• **Instructions for the task**: Would you write out the records below exactly as given?

• **Excerpted data**:

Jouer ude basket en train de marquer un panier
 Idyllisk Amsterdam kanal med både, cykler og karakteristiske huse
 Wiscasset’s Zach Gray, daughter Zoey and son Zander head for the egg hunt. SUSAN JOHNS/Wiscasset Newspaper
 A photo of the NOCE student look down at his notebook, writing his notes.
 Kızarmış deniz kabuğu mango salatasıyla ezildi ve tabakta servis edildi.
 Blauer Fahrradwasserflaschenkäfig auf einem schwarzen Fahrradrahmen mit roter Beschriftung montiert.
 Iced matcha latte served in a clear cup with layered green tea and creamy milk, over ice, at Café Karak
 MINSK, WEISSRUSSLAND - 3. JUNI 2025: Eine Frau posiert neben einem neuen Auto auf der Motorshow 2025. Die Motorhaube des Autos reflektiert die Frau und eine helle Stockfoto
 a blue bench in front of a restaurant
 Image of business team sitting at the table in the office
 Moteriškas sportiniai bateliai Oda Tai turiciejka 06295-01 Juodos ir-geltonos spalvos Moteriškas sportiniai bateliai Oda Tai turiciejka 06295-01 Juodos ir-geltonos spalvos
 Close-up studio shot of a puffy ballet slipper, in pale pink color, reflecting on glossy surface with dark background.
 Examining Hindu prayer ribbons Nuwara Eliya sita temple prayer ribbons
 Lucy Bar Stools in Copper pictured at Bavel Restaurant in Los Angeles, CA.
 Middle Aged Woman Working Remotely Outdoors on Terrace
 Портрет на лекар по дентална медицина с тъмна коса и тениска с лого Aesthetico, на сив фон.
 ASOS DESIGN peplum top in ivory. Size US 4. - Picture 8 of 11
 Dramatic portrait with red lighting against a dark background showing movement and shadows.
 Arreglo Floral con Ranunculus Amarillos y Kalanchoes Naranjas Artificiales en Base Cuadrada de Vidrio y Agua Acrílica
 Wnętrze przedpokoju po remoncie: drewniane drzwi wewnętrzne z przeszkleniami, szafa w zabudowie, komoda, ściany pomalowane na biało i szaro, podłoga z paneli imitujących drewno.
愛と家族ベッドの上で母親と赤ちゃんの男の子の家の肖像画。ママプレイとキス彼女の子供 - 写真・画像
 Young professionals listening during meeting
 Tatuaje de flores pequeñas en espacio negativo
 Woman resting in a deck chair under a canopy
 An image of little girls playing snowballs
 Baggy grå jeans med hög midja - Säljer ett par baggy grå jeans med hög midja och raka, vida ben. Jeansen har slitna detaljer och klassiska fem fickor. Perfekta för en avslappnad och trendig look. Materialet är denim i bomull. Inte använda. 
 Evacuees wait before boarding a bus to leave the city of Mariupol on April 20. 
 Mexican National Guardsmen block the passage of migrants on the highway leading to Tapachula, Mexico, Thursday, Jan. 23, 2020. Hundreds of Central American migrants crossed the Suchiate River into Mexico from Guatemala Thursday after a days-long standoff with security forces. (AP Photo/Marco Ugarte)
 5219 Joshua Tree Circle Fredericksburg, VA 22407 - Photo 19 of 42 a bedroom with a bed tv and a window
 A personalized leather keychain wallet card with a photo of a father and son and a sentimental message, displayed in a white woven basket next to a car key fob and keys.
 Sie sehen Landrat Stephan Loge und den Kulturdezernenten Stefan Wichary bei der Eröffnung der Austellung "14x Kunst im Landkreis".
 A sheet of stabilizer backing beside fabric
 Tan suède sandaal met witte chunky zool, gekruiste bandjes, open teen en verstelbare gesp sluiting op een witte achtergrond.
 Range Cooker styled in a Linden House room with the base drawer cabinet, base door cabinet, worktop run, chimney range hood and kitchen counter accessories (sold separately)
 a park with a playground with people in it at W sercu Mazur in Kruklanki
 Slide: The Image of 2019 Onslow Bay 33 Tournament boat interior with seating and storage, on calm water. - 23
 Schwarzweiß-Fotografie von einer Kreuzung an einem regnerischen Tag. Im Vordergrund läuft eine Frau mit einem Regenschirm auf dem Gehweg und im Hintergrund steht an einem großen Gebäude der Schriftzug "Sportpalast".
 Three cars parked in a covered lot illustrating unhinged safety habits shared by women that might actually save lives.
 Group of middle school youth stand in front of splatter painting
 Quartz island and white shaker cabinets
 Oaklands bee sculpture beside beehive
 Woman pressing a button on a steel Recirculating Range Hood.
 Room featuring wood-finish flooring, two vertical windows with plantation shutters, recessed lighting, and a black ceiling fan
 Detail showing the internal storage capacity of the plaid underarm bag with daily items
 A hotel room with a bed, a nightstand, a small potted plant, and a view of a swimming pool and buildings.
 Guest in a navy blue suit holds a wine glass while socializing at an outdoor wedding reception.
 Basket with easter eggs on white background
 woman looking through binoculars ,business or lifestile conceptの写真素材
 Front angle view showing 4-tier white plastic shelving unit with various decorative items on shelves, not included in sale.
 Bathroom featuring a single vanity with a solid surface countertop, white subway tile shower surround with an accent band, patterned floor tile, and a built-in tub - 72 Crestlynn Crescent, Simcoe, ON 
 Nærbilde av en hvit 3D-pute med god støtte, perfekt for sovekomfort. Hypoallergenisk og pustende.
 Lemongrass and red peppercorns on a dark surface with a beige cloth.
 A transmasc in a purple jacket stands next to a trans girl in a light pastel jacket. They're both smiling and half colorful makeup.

• **Answer space**:
Jouer ude basket en train de marquer un panier
 Idyllisk Amsterdam kanal med både, cykler og karakteristiske huse
 Wiscasset’s Zach Gray, daughter Zoey and son Zander head for the egg hunt. SUSAN JOHNS/Wiscasset Newspaper
 A photo of the NOCE student look down at his notebook, writing his notes.
 Kızarmış deniz kabuğu mango salatasıyla ezildi ve tabakta servis edildi.
 Blauer Fahrradwasserflaschenkäfig auf einem schwarzen Fahrradrahmen mit roter Beschriftung montiert.
 Iced matcha latte served in a clear cup with layered green tea and creamy milk, over ice, at Café Karak
 MINSK, WEISSRUSSLAND - 3. JUNI 2025: Eine Frau posiert neben einem neuen Auto auf der Motorshow 2025. Die Motorhaube des Autos reflektiert die Frau und eine helle Stockfoto
 a blue bench in front of a restaurant
 Image of business team sitting at the table in the office
 Moteriškas sportiniai bateliai Oda Tai turiciejka 06295-01 Juodos ir-geltonos spalvos Moteriškas sportiniai bateliai Oda Tai turiciejka 06295-01 Juodos ir-geltonos spalvos
 Close-up studio shot of a puffy ballet slipper, in pale pink color, reflecting on glossy surface with dark background.
 Examining Hindu prayer ribbons Nuwara Eliya sita temple prayer ribbons
 Lucy Bar Stools in Copper pictured at Bavel Restaurant in Los Angeles, CA.
 Middle Aged Woman Working Remotely Outdoors on Terrace
 Портрет на лекар по дентална медицина с тъмна коса и тениска с лого Aesthetico, на сив фон.
 ASOS DESIGN peplum top in ivory. Size US 4. - Picture 8 of 11
 Dramatic portrait with red lighting against a dark background showing movement and shadows.
 Arreglo Floral con Ranunculus Amarillos y Kalanchoes Naranjas Artificiales en Base Cuadrada de Vidrio y Agua Acrílica
 Wnętrze przedpokoju po remoncie: drewniane drzwi wewnętrzne z przeszkleniami, szafa w zabudowie, komoda, ściany pomalowane na biało i szaro, podłoga z paneli imitujących drewno.
愛と家族ベッドの上で母親と赤ちゃんの男の子の家の肖像画。ママプレイとキス彼女の子供 - 写真・画像
 Young professionals listening during meeting
 Tatuaje de flores pequeñas en espacio negativo
 Woman resting in a deck chair under a canopy
 An image of little girls playing snowballs
 Baggy grå jeans med hög midja - Säljer ett par baggy grå jeans med hög midja och raka, vida ben. Jeansen har slitna detaljer och klassiska fem fickor. Perfekta för en avslappnad och trendig look. Materialet är denim i bomull. Inte använda. 
 Evacuees wait before boarding a bus to leave the city of Mariupol on April 20. 
 Mexican National Guardsmen block the passage of migrants on the highway leading to Tapachula, Mexico, Thursday, Jan. 23, 2020. Hundreds of Central American migrants crossed the Suchiate River into Mexico from Guatemala Thursday after a days-long standoff with security forces. (AP Photo/Marco Ugarte)
 5219 Joshua Tree Circle Fredericksburg, VA 22407 - Photo 19 of 42 a bedroom with a bed tv and a window
 A personalized leather keychain wallet card with a photo of a father and son and a sentimental message, displayed in a white woven basket next to a car key fob and keys.
 Sie sehen Landrat Stephan Loge und den Kulturdezernenten Stefan Wichary bei der Eröffnung der Austellung "14x Kunst im Landkreis".
 A sheet of stabilizer backing beside fabric
 Tan suède sandaal met witte chunky zool, gekruiste bandjes, open teen en verstelbare gesp sluiting op een witte achtergrond.
 Range Cooker styled in a Linden House room with the base drawer cabinet, base door cabinet, worktop run, chimney range hood and kitchen counter accessories (sold separately)
 a park with a playground with people in it at W sercu Mazur in Kruklanki
 Slide: The Image of 2019 Onslow Bay 33 Tournament boat interior with seating and storage, on calm water. - 23
 Schwarzweiß-Fotografie von einer Kreuzung an einem regnerischen Tag. Im Vordergrund läuft eine Frau mit einem Regenschirm auf dem Gehweg und im Hintergrund steht an einem großen Gebäude der Schriftzug "Sportpalast".
 Three cars parked in a covered lot illustrating unhinged safety habits shared by women that might actually save lives.
 Group of middle school youth stand in front of splatter painting
 Quartz island and white shaker cabinets
 Oaklands bee sculpture beside beehive
 Woman pressing a button on a steel Recirculating Range Hood.
 Room featuring wood-finish flooring, two vertical windows with plantation shutters, recessed lighting, and a black ceiling fan
 Detail showing the internal storage capacity of the plaid underarm bag with daily items
 A hotel room with a bed, a nightstand, a small potted plant, and a view of a swimming pool and buildings.
 Guest in a navy blue suit holds a wine glass while socializing at an outdoor wedding reception.
 Basket with easter eggs on white background
 woman looking through binoculars ,business or lifestile conceptの写真素材
 Front angle view showing 4-tier white plastic shelving unit with various decorative items on shelves, not included in sale.
 Bathroom featuring a single vanity with a solid surface countertop, white subway tile shower surround with an accent band, patterned floor tile, and a built-in tub - 72 Crestlynn Crescent, Simcoe, ON 
 Nærbilde av en hvit 3D-pute med god støtte, perfekt for sovekomfort. Hypoallergenisk og pustende.
 Lemongrass and red peppercorns on a dark surface with a beige cloth.
 A transmasc in a purple jacket stands next to a trans girl in a light pastel jacket. They're both smiling and half colorful makeup.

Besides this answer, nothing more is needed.